О Лиле Волошин пишет, используя тот же прием аналогии: «Это была маленькая девушка с внимательными глазами и выпуклым лбом. Она была хрома от рождения и с детства привыкла считать себя уродом. В детстве от всех ее игрушек отламывалась одна нога, так как ее брат и сестра говорили: „Раз ты хромая, у тебя должны быть хромые игрушки“»[20]. Портрет Дмитриевой соотнесен здесь с неодушевленными предметами: «мужским компаньоном» одноруким и одноногим Габриаком, его сестрой безголовой девушкой, игрушками. Уродство и неординарность роднит Дмитриеву с физическими и мифическими монстрами, Габриаком и безголовой девушкой, а ее хромота связывается с отламыванием ног у игрушек. Поэтесса выступает в роли некоего мистического существа: мифического чудовища, химеры. Это единственное место в рассказе, где характеристика Дмитриевой соответствует образу, запечатленному в дневниковых записях Волошина, в которых подчеркнута ее духовная и мистическая исключительность.
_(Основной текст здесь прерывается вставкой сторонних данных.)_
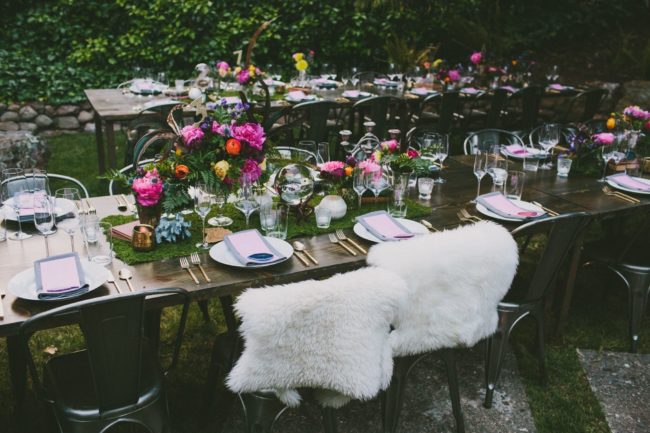 Garden party tables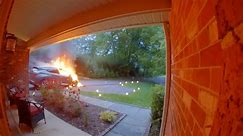 SUV spontaneously combusts in driveway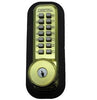 Lockey 2210KO Mechanical Digital Deadbolt Door Lock With Key Override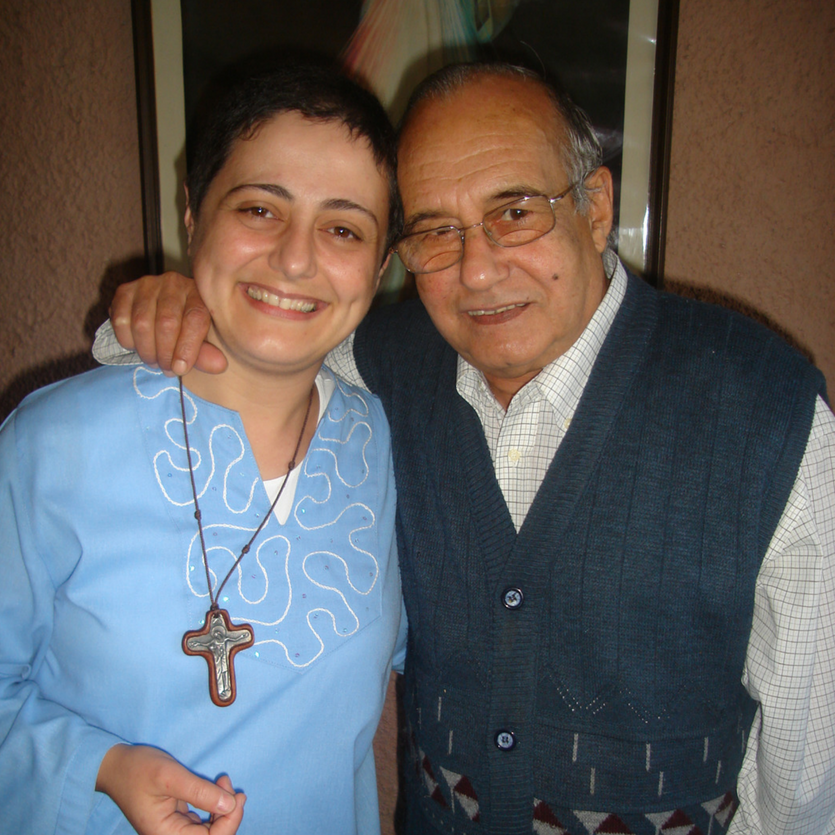 Maria Paola e Padre Valdir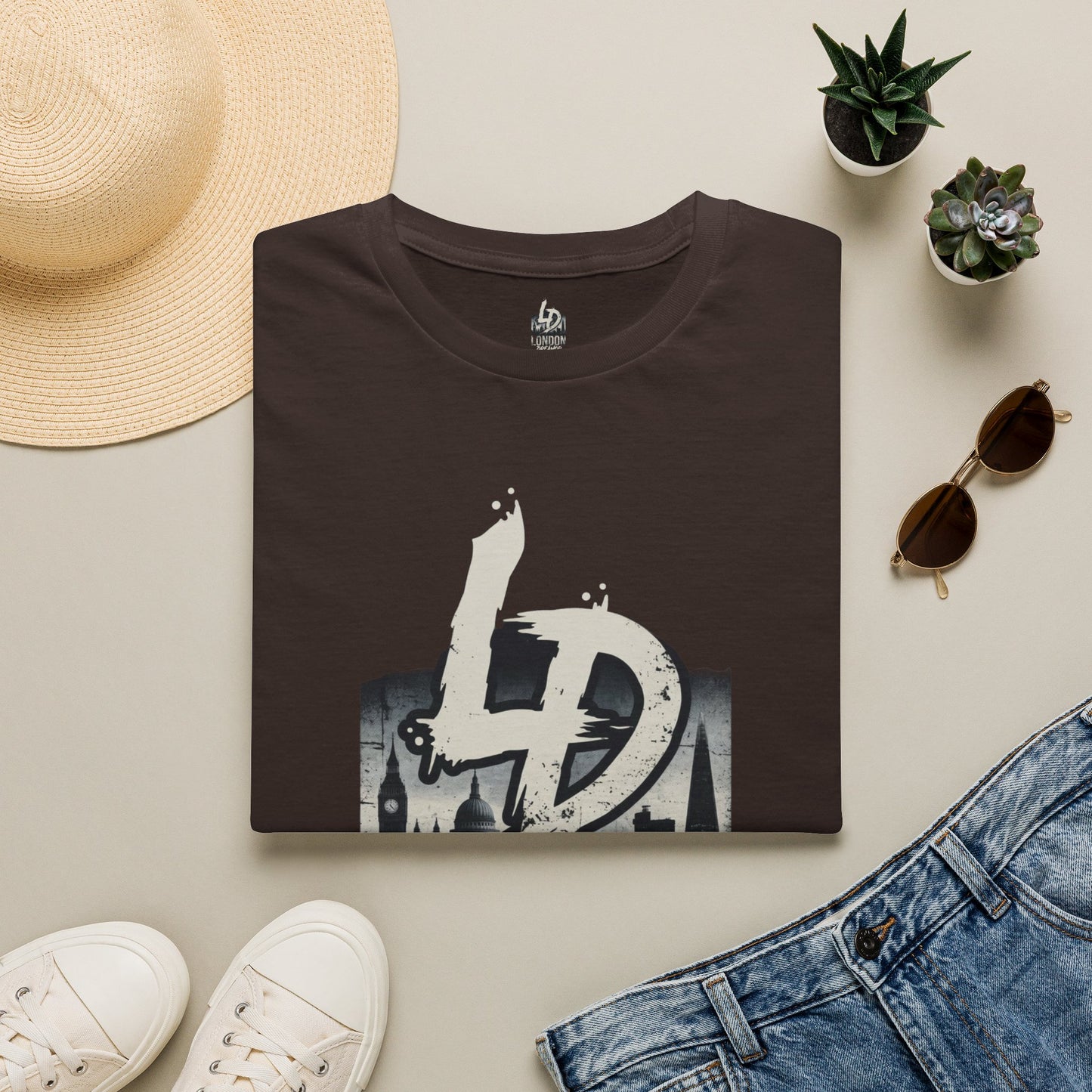 London Dreamer Graphic T-Shirt — 4D Skyline Logo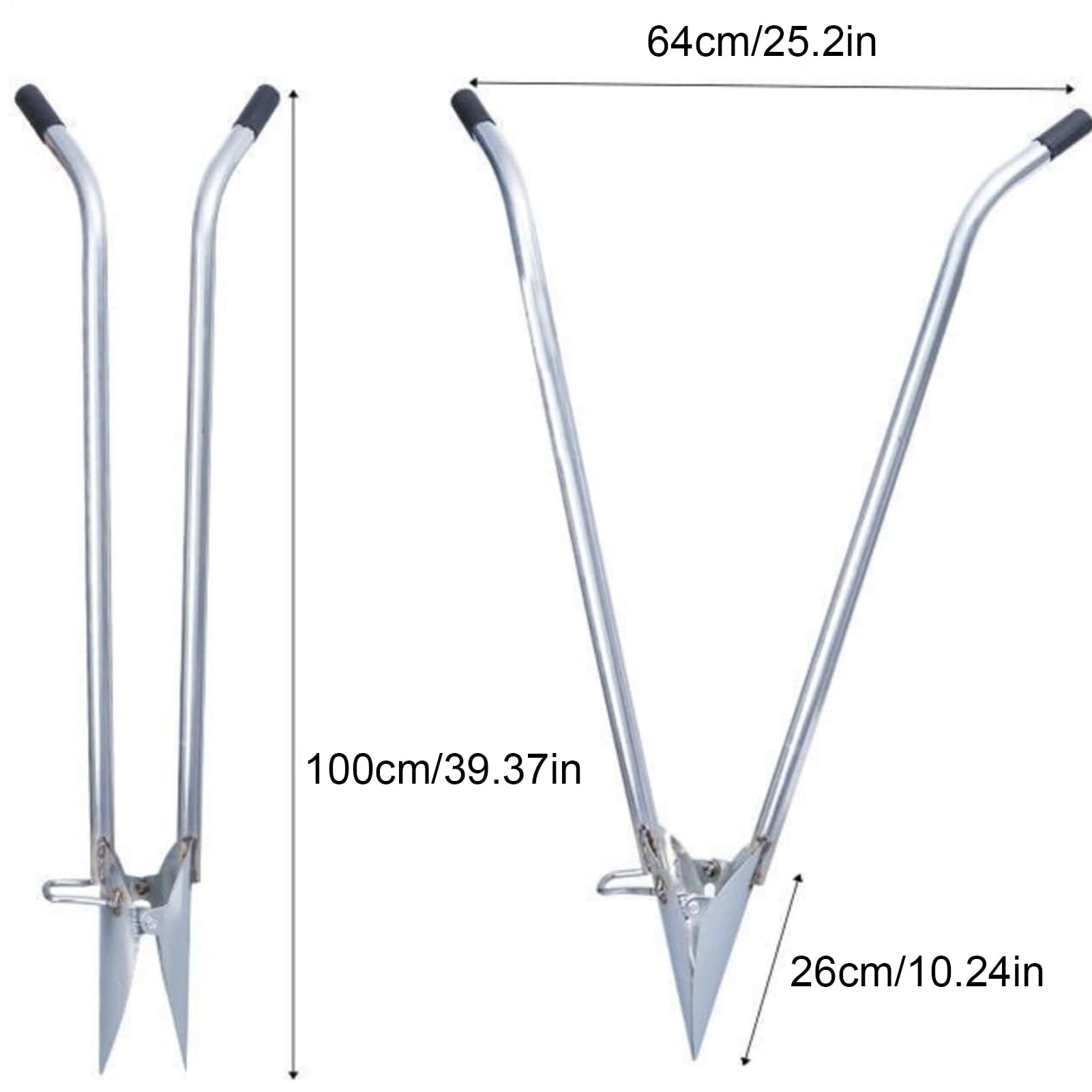 Strumento per piantare piante | per piantare in acciaio | Manico ergonomico da giardino scavatrice forniture per fiori bulbi alberi da frutto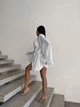 Пляжная накидка - халат, белая, L/XL - изображение 5
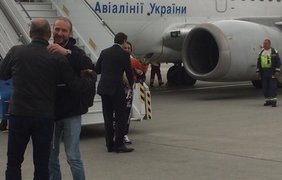 Джамала прилетела в Киев Фото: Оксана Лой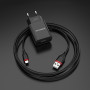 Мережевий зарядний пристрій BOROFONE BA20A Sharp cable BX17 Lightning 1m, Black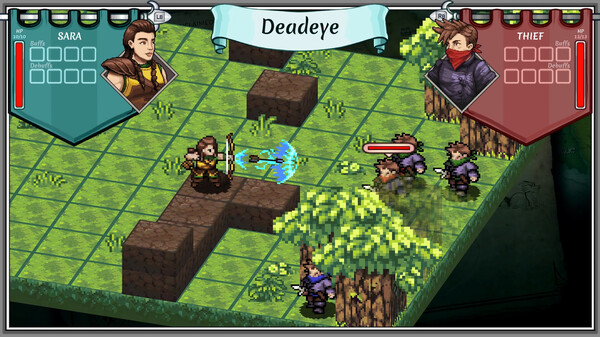 Live by the Sword: Tactics gameplay screenshot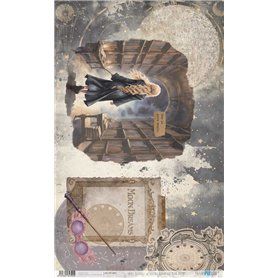Papel De Arroz Harry Potter  Moon Dreams 54x33cm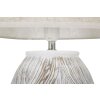 Mauro Ferretti lámpara de mesa Atene oval E27 Ø 38x67 cm blanco lavado marrón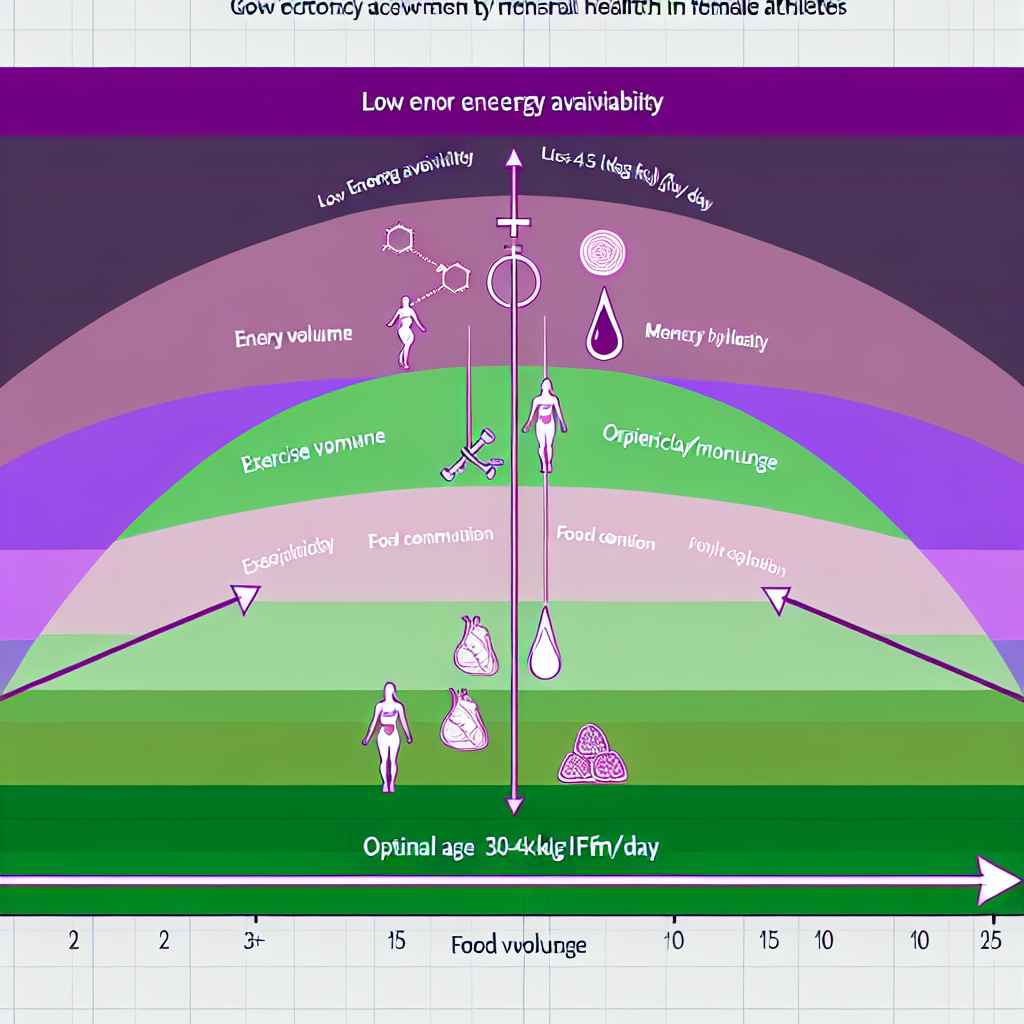 Relationship between energy availability and menstrual health showing optimal ranges and hormonal pathways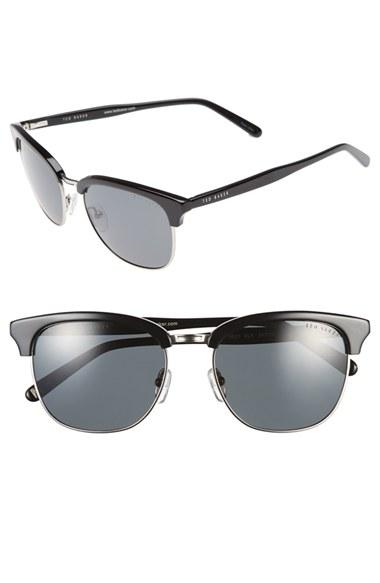 Men's Ted Baker London 54mm Polarized Sunglasses - Black/ Gunmetal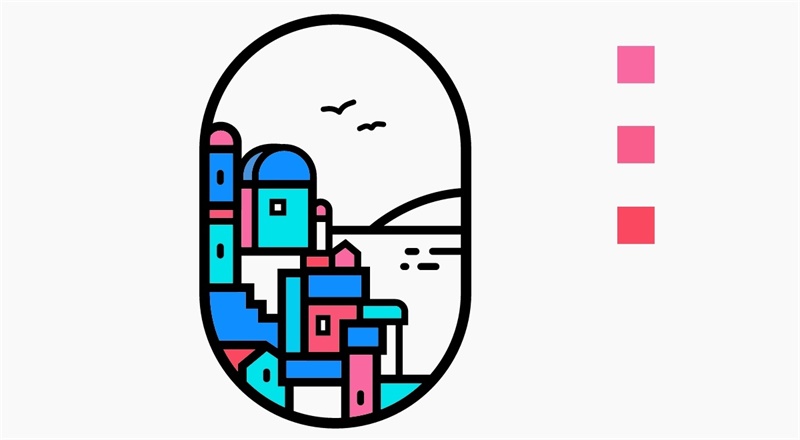 如何从零开始绘制线性插画风景?来看高手的设计思路总结!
Однако далее Волошин неожиданно вводит «школьный» портрет Дмитриевой, не появлявшийся ранее ни в его дневниковых записях, ни в письмах: «Лиля писала в это лето милые простые стихи, и тогда-то я ей и подарил черта Габриака, которого мы в просторечии звали „Гаврюшкой“»[21]. «Сломанность» и неординарность Дмитриевой внезапно переходит в уже знакомый нам портрет: это скромная, милая, простая девушка, школьная учительница, чьи стихи так же скромны и просты, как она сама. Меняется и характеристика других персонажей: демоническое чудовище, «бес, защищающий от злых духов», превращается в безобидного «Гаврюшку», родственного образу Лили. «Школьный» миф выполняет здесь важную функцию. С его помощью автор накладывает маску на роль Дмитриевой в мистификации, чтобы затушевать действительную роль поэтессы и свою собственную. А затем приводит официальную, уже знакомую нам, версию причины возникновения Черубины. Тем самым Волошин создает заведомо ложный миф о Дмитриевой в стиле фельетона Дорошевича, который ввел в заблуждение сначала Цветаеву, а с ее помощью впоследствии и многих: честная, чистосердечная, простая школьная учительница, поэтесса становится жертвой мужского редакторского произвола и с помощью друга решает невинно подшутить над редактором, предложив ему мифическую идеальную женщину-поэтессу, чтобы получить возможность напечатать свои стихи.
Первый вариант легенды о Дмитриевой, где миф сливается с реальностью, и героиня предстает в некоем мистическом единстве с демоническими чудовищами, предвестниками Черубины, — гораздо более важен для понимания мотивов мистификации. Волошина глубоко интересовала идея игры и мифологизации в поэзии и творчестве вообще. В статье «Откровения детских игр» (1907), отклике на статью А. К. Герцык «Из мира детских игр», он указывает на взаимосвязь творчества, игры, веры и реальности в детском сознании, которое является «сонным» сознанием, подсознательной древней памятью человечества: «Мифы — великие деревья-призраки, взращенные в сонном сознании, нуждаются в творческой атмосфере веры. Одно слово сомнения может заставить их уйти обратно в землю, пока они не окрепли в душе целого народа. Игра — это вера, не утерявшая своей переменчивой гибкости и власти. Для игры необходимо, чтобы от слов „пусть будет так…“ и „давай играть так…“ вселенная преображалась. Поэтому слова: „Если скажете с верой горе: приди ко мне…“ можно сказать и таю „Будем играть так, что гора пришла ко мне“, и это будет тоже точно»[22].